Speaking on 27 January at the agency’s webinar ‘Ask the Analysts: UK Non-Life Insurance’, Coutts discussed the companies market, which excludes Lloyd’s and the London market. Flagging the impact of the FCA’s fair pricing report on insurers’ profitability, Coutts added that “virtually all insurers do rely to some extent on price increases at renewal to compensate for lower new business premium”.

The FCA published its General Insurance Pricing Practices Market Study report on 22 September 2020. The two-year project explored thousands of policies and consulted with industry stakeholders in order to get to grips with the practice of price walking.

“The FCA fair pricing investigation looked at so-called dual pricing practices and that’s where a new customer pays a significantly lower premium, while customers who renew are penalised by paying much higher premiums,” Coutts explained.

“It’s known as the loyalty penalty or price walking and it is a widely used technique among personal lines insurers.”

Offset price cuts

Coutts said that he expected “the home insurance market to be more affected than the motor market” following the publication of the FCA’s findings.

He continued: “For home insurance, 80% of premiums comes from renewal business and only 20% comes from new business and you compare that to motor, where the split is much more 50:50.

“That means many household insurers have built up quite large back books and they operate business models that capitalise on brand loyalty for those long-standing customers.

“Essentially, home insurance customers tend to stay with one provider and price comparison websites have led to much more shopping around in the motor market.”

Primarily, Coutts believes the FCA’s steps for mitigating price walking will “reduce profitability” in the short-term.

He explained: “The FCA has yet to implement the final measures, but they are likely to include a requirement for firms to offer existing customers renewal prices that are no higher than what they might pay as a new customer. And there’s also other steps, so making it easier for customers to decline auto-renewals and also attestation of compliance on an annual basis.

“These new rules are likely to come in before the end of 2021 and we do think that, at least in the short-term, they will reduce profitability, so insurers will have to update their pricing systems, the distribution models and - the biggest impact - they have to reduce premium rates for long-standing customers.”

Despite this, Coutts added that “we don’t expect over the longer term that profitability will be structurally weak”.

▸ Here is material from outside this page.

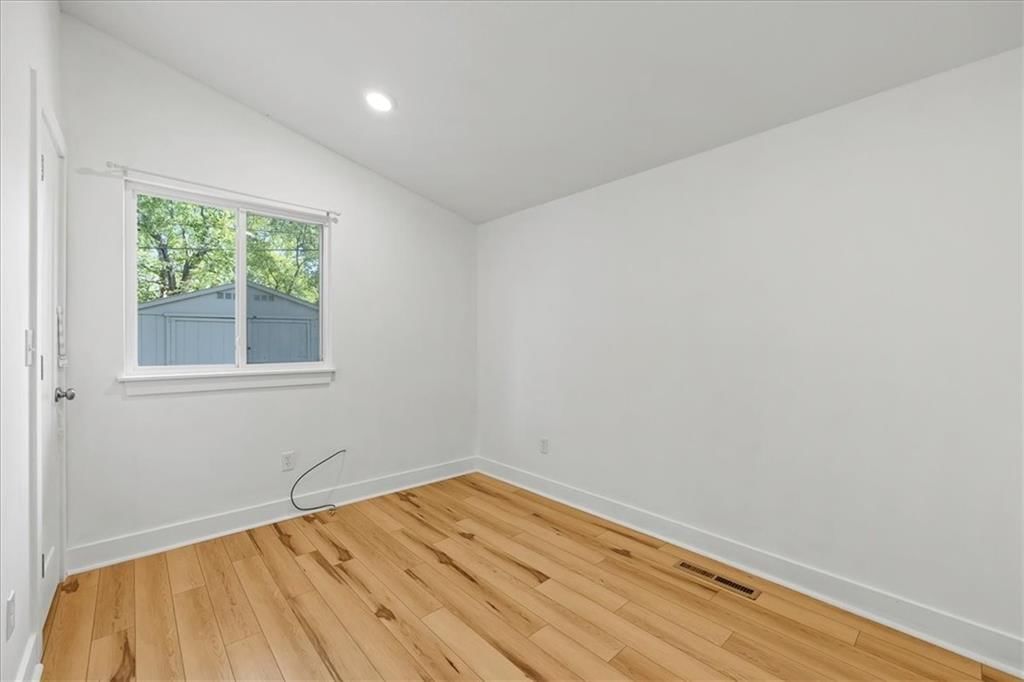 5705 N Woodland Avenue — photo 16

“We do think insurers will offset the price cuts for existing customers with price rises for new customers and that’s because the sector’s profitability is already very weak and it’s not really viable for insurers to significantly cut prices in one area without rising them in others,” he said.

Diminished PCWs?

Price comparison websites (PCWs) are also set to be impacted by the FCA’s report – Coutts thinks PCWs will be affected in the medium-term, however they still have value in the short-term, at least until the FCA’s mitigating measures are fully implemented.

In the long-term, Coutts believes the role of PCWs could “diminish” as customers in the future will have less incentive to switch insurers based on price.

He added that there will always be a place in the market for PCWs, however the need for customers to shop around on an annual basis for their insurance will decrease.